I don’t consider myself a grammar nut. I’m not the punctuation police by any stretch. I don’t dissolve into puddles over these things (like the poor sap in this cartoon … click to enlarge). They don’t offend me.
Truth is, I find screwups like misplaced apostrophes, you’re vs. your and — here’s a big one — they’re, their and there relatively amusing. I take pleasure, yes, in other people’s problems with basic English. Sue me, but I find it hard to fathom how people can get through grade school without knowing it’s from its or its‘ (that’s a trick!).

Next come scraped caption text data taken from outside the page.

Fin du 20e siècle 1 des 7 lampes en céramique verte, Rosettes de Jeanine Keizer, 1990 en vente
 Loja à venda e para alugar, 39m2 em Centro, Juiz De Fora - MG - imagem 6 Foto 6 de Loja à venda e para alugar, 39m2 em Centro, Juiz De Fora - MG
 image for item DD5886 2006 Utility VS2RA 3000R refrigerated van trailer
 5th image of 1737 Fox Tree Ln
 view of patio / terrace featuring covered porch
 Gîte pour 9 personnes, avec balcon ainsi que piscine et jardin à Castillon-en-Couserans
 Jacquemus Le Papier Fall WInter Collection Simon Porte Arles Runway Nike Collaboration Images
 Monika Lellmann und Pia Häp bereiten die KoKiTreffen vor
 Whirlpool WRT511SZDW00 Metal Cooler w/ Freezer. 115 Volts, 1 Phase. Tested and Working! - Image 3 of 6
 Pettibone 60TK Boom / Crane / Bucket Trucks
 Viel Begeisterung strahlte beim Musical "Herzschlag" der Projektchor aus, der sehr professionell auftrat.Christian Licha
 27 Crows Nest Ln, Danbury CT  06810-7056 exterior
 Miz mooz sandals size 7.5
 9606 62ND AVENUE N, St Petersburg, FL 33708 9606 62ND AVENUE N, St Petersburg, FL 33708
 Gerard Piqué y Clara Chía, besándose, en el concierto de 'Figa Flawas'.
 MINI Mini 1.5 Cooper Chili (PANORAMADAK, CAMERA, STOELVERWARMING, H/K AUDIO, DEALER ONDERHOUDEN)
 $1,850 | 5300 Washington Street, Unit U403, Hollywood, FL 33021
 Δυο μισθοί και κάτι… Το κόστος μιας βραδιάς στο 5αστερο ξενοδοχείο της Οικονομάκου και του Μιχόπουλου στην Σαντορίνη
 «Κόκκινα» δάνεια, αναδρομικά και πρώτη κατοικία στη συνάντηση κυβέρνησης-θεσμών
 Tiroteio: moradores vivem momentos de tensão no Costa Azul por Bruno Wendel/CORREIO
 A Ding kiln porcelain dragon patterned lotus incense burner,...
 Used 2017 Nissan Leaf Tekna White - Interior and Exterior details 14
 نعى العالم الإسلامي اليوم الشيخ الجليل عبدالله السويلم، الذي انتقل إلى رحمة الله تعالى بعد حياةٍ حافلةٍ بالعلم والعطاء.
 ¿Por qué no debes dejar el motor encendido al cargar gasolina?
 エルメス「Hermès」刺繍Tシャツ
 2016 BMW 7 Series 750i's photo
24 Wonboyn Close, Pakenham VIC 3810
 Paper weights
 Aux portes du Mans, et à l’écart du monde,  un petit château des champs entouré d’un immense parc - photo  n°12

On the driving range near my house, the one I use when I’m thinking about truly, honestly taking the game seriously and practicing a couple times a week — that usually lasts less than a week — there are signs:
GRASS TEE’S ONLY
They don’t want you hitting off the plastic mats, I guess. Or the mat’s.
The examples are endless. But I’m saving them for the book, working title My Little Squiggle. It will sit beside my other coffee-table book, Bad Shoe, which will showcase beautiful, artistic photos of shoes on the side of the street.
Dang. Facebook has everything. Dammit.
Apostrophes are the worst. I always wonder if we’re worse as a society or if the masses are simply writing much more in the public eye than they were 10 or 50 years ago.
I love when it’s something that has some relative permanence, like a storefront or a T-shirt.
I would buy that book, and others would too, some rather possessive when they shouldn’t be, and vice versa.